» SUPPLIED INFORMATION:
###
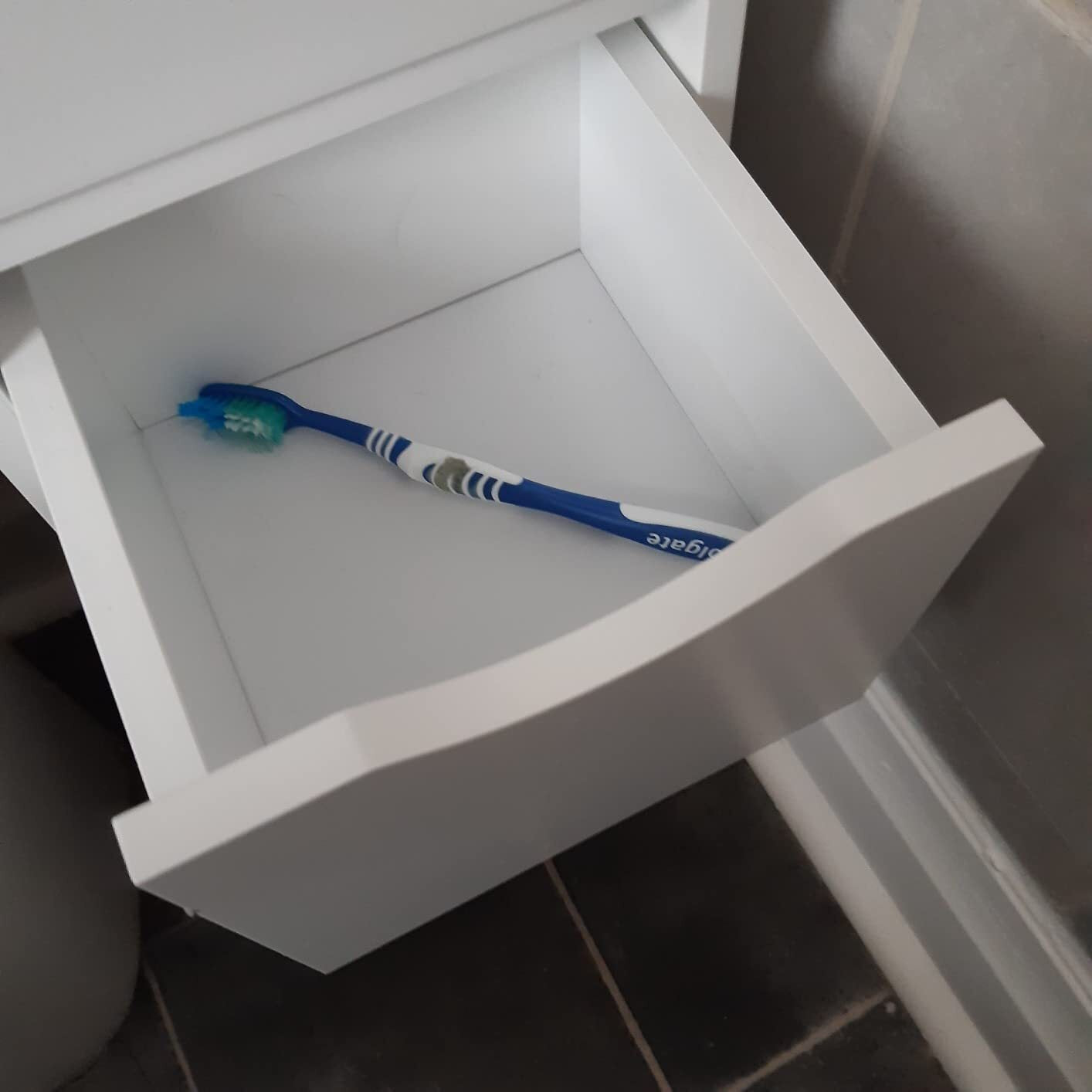 3-Drawer White Wooden Storage Cabinet for Bathroom and Filing Organization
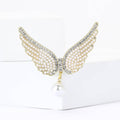 Alloy Pearl Angel Wing Brooch Pin For Women’s Suits And Coats view 2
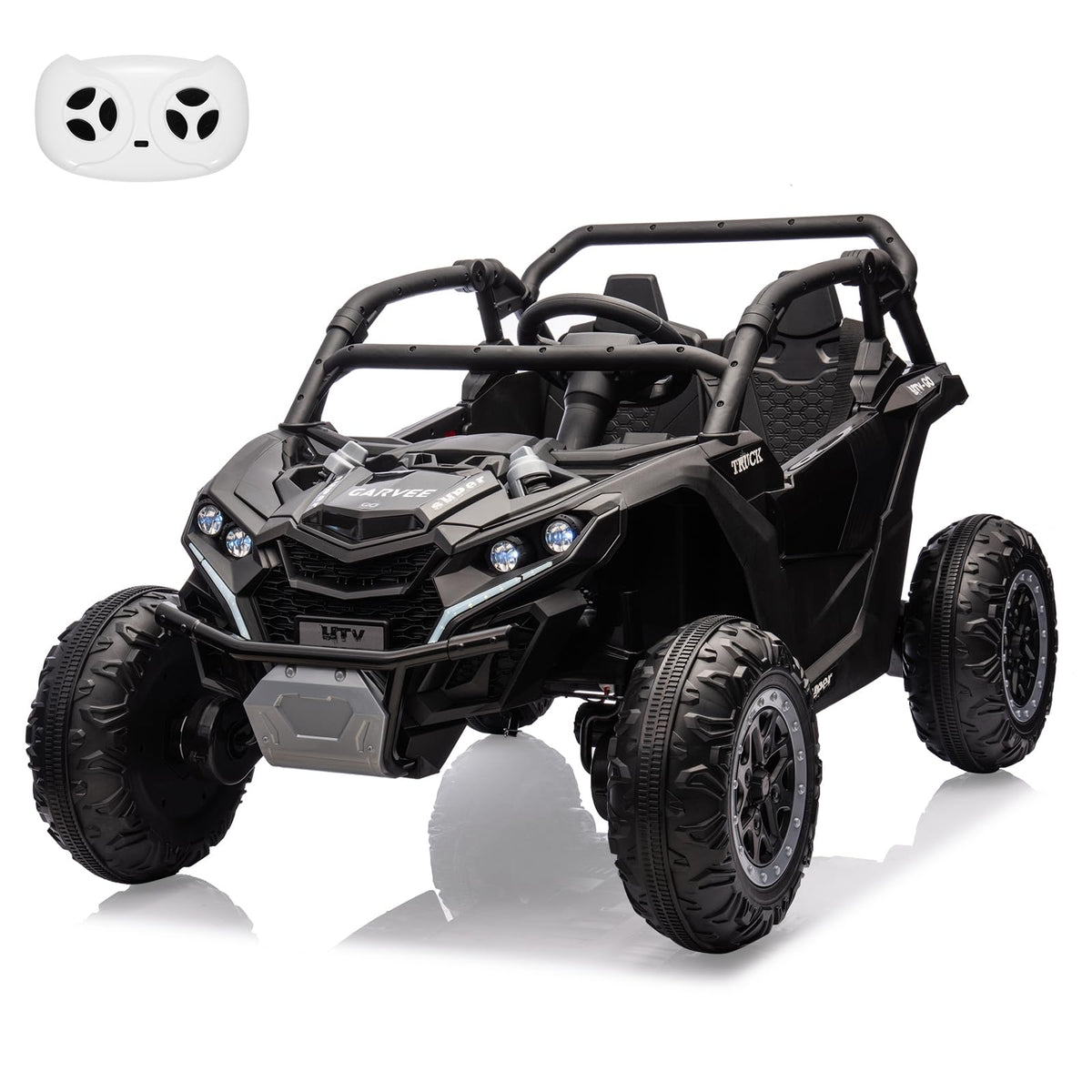 24V 2-Seater Kids Ride on Car with Remote Control 4WD Electric Truck F74518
###
» PROBLEM REQUIREMENTS: Return only what lies between the line containing "Alloy Pearl Angel" and the last line of the listing, those two lines included, exactly as written and with no pictures.

» SOLVED EXERCISE:
 Alloy Pearl Angel Wing Brooch Pin For Women’s Suits And Coats view 2
 24V 2-Seater Kids Ride on Car with Remote Control 4WD Electric Truck F74518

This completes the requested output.